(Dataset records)
* * *
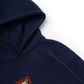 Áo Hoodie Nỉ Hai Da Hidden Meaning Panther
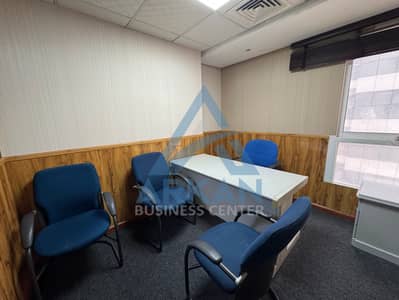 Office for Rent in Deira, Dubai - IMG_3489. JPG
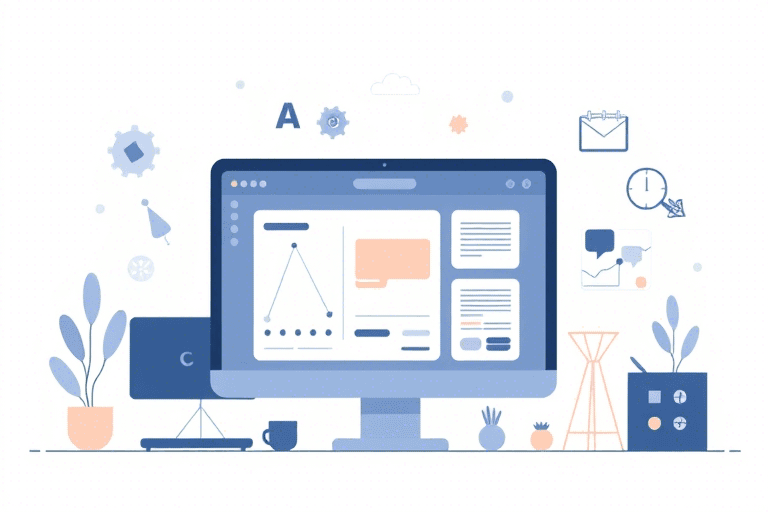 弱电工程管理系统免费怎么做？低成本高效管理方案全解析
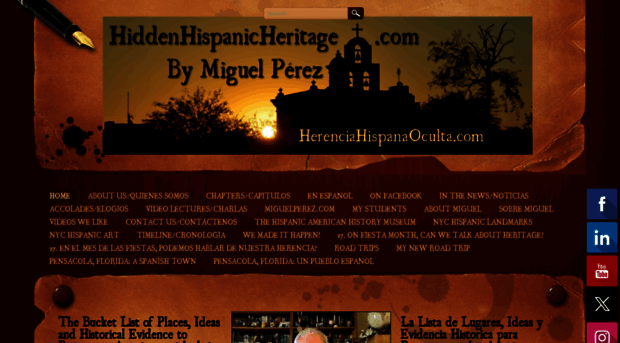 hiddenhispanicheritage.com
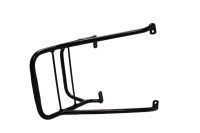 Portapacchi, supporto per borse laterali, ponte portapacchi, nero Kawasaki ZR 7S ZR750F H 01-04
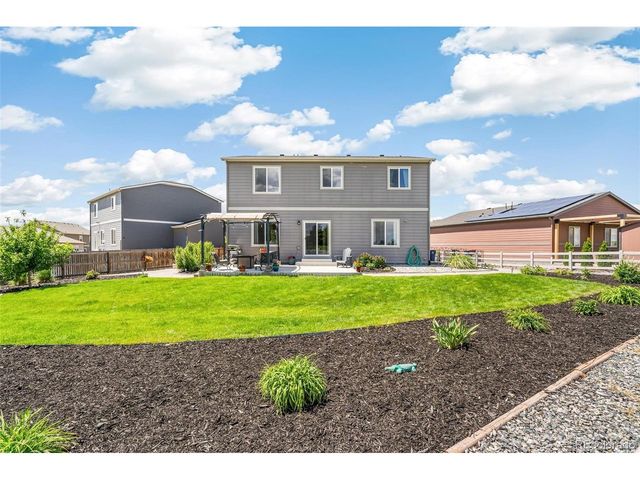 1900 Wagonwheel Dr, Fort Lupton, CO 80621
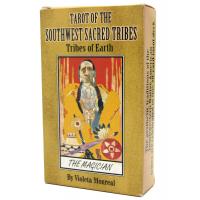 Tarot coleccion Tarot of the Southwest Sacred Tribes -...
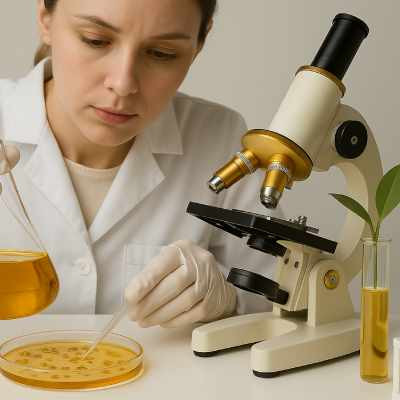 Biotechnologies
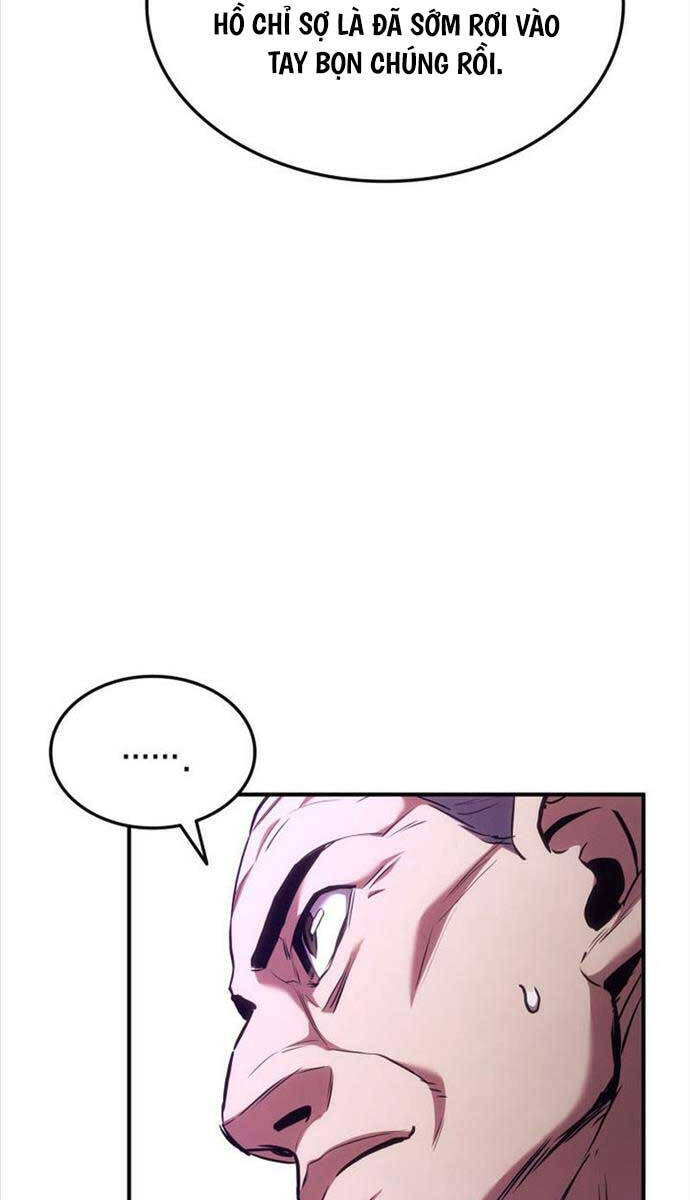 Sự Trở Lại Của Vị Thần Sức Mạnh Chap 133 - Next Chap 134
* * *
Exercise directions:
Please reproduce every record exactly, leaving the pictures out.

Exercise response:
 Áo Hoodie Nỉ Hai Da Hidden Meaning Panther
 Office for Rent in Deira, Dubai - IMG_3489. JPG
 弱电工程管理系统免费怎么做？低成本高效管理方案全解析
 hiddenhispanicheritage.com
 Portapacchi, supporto per borse laterali, ponte portapacchi, nero Kawasaki ZR 7S ZR750F H 01-04
 1900 Wagonwheel Dr, Fort Lupton, CO 80621
 Tarot coleccion Tarot of the Southwest Sacred Tribes -...
 Biotechnologies
 Sự Trở Lại Của Vị Thần Sức Mạnh Chap 133 - Next Chap 134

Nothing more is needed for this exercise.